### Task objective
From the data below, return only the lines from the one with "Alice bags - Louis" through the one with "Bracha Jewelry Bracha Kai Necklace", exact and inclusive, with pictures left out.

### Excerpted records
>>>>

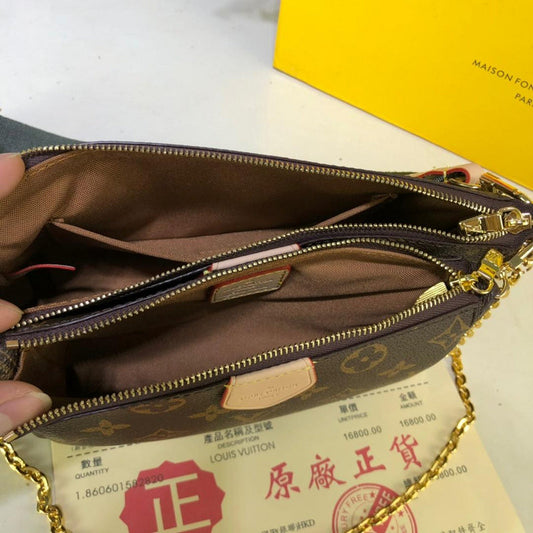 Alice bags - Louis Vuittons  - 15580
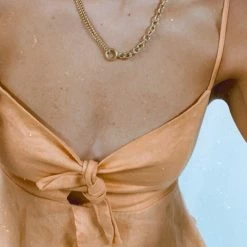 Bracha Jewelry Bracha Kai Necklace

<<<<
>>>>

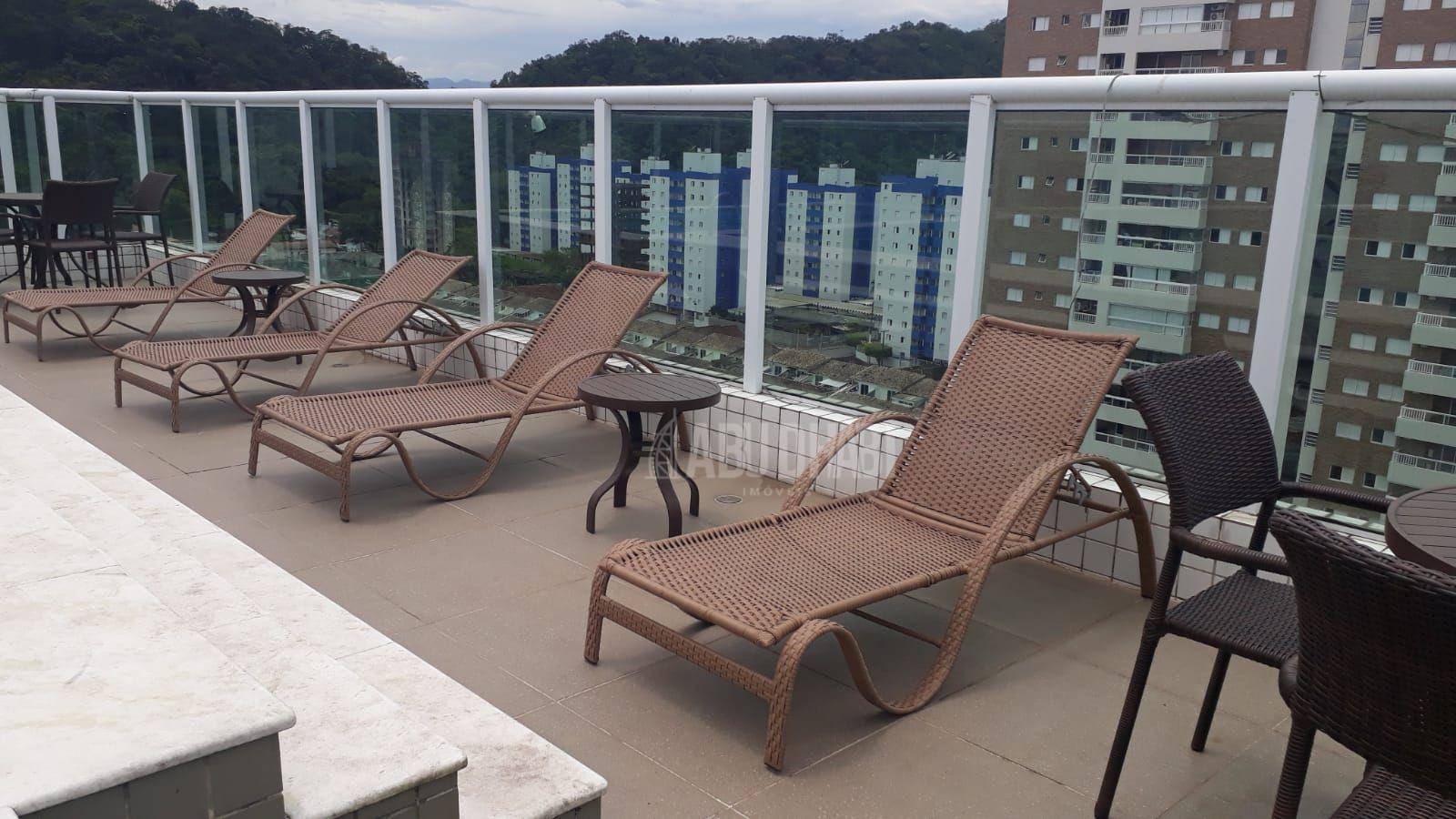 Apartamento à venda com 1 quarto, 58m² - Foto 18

<<<<

### Written solution
 Alice bags - Louis Vuittons  - 15580
 Bracha Jewelry Bracha Kai Necklace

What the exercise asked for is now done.